The petition in the Sypher case was filed in this court April 28, 1904. On this date the firm of Mansfield, McMur-ray & Cornish was under contract to render professional .services to the Choctaw Indians, and whatever may have been the restrictive character of the services to be rendered under this contract, it is manifest from the record that the firm did not present to the Choctaw Nation a fee bill for this particular service, or in any way assert a claim therefor until many years after the case had been closed, and only then in response to counterdemands made upon the part of the nation. It is apparent, a fact we need not emphasize, that the firm was fully cognizant of the statutes which provided the method of contracting with Indian tribes. It knew at the time of its appearance in this case that they could not legitimately collect fees for the service. In all other special cases involving important professional services the plaintiff was solicitous in adjusting its relationship to the Indians in the manner prescribed by law. Just why an oral contract was relied upon in this case finds no explanation, unless predicated upon what has been heretofore adverted to, or due in the last analysis to the counterclaim asserted by the defendants in this case. In addition to this, it is extremely doubtful if we have jurisdiction to entertain the claim. The final proviso to the jurisdictional act of July 19, 1919, amending the act of May 25, 1918, limits the plaintiff to the presentation of only such additional claims as “ may have or shall hereafter be set up by way of set-off or counterclaim by the defendants.” The defendants raise this contention and assert that none of the warrants upon which the counterclaim rests were issued and paid as expenses incident to the prosecution of the Sypher ease. The plaintiff flatly contradicts this statement. The record, in so far as itemization of expense accounts covered by the counterclaim, sustains the defendant’s contention. We are unable to find more in the record than the general statement of the plaintiff, unsupported by any specific account or amount. The burden of proof rests upon the plaintiff, and in this respect we believe the plaintiff has failed to sustain the fact and the defendants’ contention should be sustained.

The EU Ayres Claim,

What has been said as to the J. Hale Sypher claim applies with equal force to this item. The jurisdictional act precludes its allowance.

The Incompetent Fund

In reconciling the record with reference to this item we believe Finding XX to be correct. On June 28, 1898 (80 Stat. 495), Congress appropriated $216,679.48 and placed it to the credit of the Chickasaw Nation in the Federal Treasury. This appropriation was supplemental to a former one made in 1889, amounting to $99,000, and originated in a claim made by the incompetents of sums due this particular class of Indians.
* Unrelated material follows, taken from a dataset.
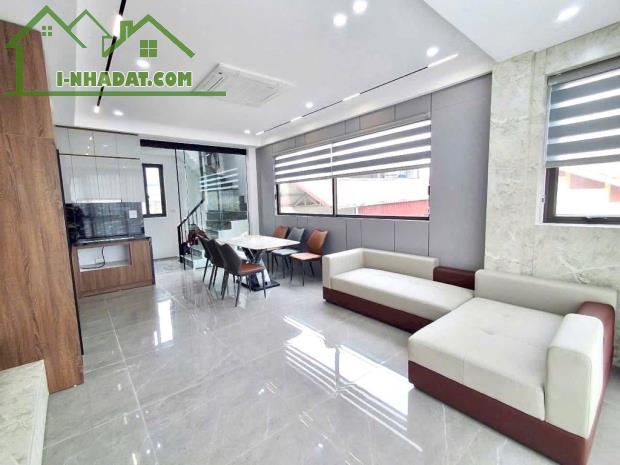 Quá Đẹp Nhà Cổ Linh Hơn 8 tỷ-6 tầng-GARA Ô TÔ-THANG MÁY-NHÀ ĐẸP ĐÓN TẾT-VỊ TRÍ ĐẸP-FULL NỘ - 4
After the lapse of nine years and the availability of a substantial sum of money for distribution among the Indians, the usual contest to procure its distribution by certain classes to their advantage arose. The heirs of the incompetents contended that they were entitled to the fund exclusively. The tribe insisted that it should be distributed per capita among the tribe. Congress very wisely settled the controversy by legislation. The act of May 31, 1900 (31 Stat. 221), provided for per capita payments of Indian funds under the direction of the Secretary of the Interior, and this fund for all practical purposes was so disbursed. Happily for the Indians it was not litigated. The plaintiff’s assignors were requested to represent the Indians with respect to the contention and they did so. At the time they were under a general contract of employment to represent the tribe. They received for this service $2,500 in 1901. There is nothing in the record disclosing a further attempt to collect additional fees until after the filing of the defendants’ counterclaim in this case. A claim is now made for $15,000 for this service. The proof fails to sustain it. The proof of an entry of account made contemporaneously with the transaction is cogent evidence of what the plaintiff and his assignors at the time regarded as due them; but it is not sufficient to establish a contract to pay the amount charged in the face of positive evidence to the contrary. The court from the record, and the facts and circumstances surrounding the transaction, believe the amount paid, in view of what is to be held hereafter was sufficient to discharge the Indians’ liability for the service rendered.

Tribal Taxes

Findings XXI. The amendatory jurisdictional act of July 19, 1919, contained the following proviso: “That the said J. F. McMurray shall be limited in presenting such additional claims to such matters as may have or shall hereafter be set up by way of set-off or counterclaim by the defendants.” The intent of this limitation appears upon its face. There is nothing to obscure its meaning or engender doubt. The plaintiff, we repeat, had procured a jurisdictional act covering the prosecution of three, and only three, claims. The Indians presented counterclaims in accord with the statute which, if allowable, would not only absorb all that the plaintiff might recover, but leave him indebted to the Indians in a very large amount. Congress by the amend-atory statute granted the plaintiff the additional privilege to meet the alleged claims plead by way of set-off. To this extent, and to this only, does the right extend. As in the Sypher and Ayres eases, no set-off is preferred with reference to this item, and we are without jurisdiction to consider it.

The Bonaparte Opinion

Finding XXII. This claim is governed by what was said with reference to tribal taxes. No warrants for expenses were issued and paid by the tribes with reference thereto, and it is not a part of defendant’s counterclaim.

Coal-Mining Leases

The defendants assert under this item a counterclaim of a large amount. The original jurisdictional act contains the following provision: “That any amount found to be owing, calculated upon a fair and equitable basis, by the said J. F. McMurray to the said Choctaw and Chickasaw Nations upon coal-mining leases held by him may be offset against any judgment that may be rendered in his favor upon such claims.” The plaintiff is not contending for a judgment in his favor as incident to the coal-mining leases. The determination of the question is limited exclusively to the defendant’s counterclaim and the plaintiff’s affirmative defense thereto.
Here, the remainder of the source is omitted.